Synthetic high-performance fibers present excellent mechanical properties and promising applications in the impact protection field. However, fabricating fibers with high strength and high toughness is challenging due to their intrinsic conflicts. Herein, we report a simultaneous improvement in strength, toughness, and modulus of heterocyclic aramid fibers by 26%, 66%, and 13%, respectively, via polymerizing a small amount (0.05 wt%) of short aminated single-walled carbon nanotubes (SWNTs), achieving a tensile strength of 6.44 ± 0.11 GPa, a toughness of 184.0 ± 11.4 MJ m , and a Young's modulus of 141.7 ± 4.0 GPa.
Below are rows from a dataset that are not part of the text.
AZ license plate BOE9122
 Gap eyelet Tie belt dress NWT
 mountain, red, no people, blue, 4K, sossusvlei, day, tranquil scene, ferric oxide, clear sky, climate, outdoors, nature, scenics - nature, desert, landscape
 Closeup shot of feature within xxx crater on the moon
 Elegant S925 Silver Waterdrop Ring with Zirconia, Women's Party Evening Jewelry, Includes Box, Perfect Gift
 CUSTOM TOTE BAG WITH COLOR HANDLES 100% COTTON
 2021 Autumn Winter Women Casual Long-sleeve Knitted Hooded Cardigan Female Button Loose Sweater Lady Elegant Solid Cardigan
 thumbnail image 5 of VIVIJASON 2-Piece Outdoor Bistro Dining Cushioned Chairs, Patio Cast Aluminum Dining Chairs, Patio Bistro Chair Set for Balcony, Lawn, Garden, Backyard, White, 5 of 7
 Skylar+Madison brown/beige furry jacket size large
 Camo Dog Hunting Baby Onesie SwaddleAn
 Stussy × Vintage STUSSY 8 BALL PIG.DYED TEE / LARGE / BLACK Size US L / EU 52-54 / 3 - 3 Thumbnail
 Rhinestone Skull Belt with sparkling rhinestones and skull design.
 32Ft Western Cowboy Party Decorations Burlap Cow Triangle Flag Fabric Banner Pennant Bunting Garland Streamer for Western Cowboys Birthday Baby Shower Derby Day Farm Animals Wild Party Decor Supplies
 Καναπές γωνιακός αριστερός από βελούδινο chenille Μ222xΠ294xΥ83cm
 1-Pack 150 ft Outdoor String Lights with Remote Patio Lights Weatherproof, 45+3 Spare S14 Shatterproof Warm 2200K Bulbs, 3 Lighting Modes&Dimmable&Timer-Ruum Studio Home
Mechanism analyses reveal that short aminated SWNTs improve the crystallinity and orientation degree by affecting the structures of heterocyclic aramid chains around SWNTs, and in situ polymerization increases the interfacial interaction therein to promote stress transfer and suppress strain localization. These two effects account for the simultaneous improvement in strength and toughness.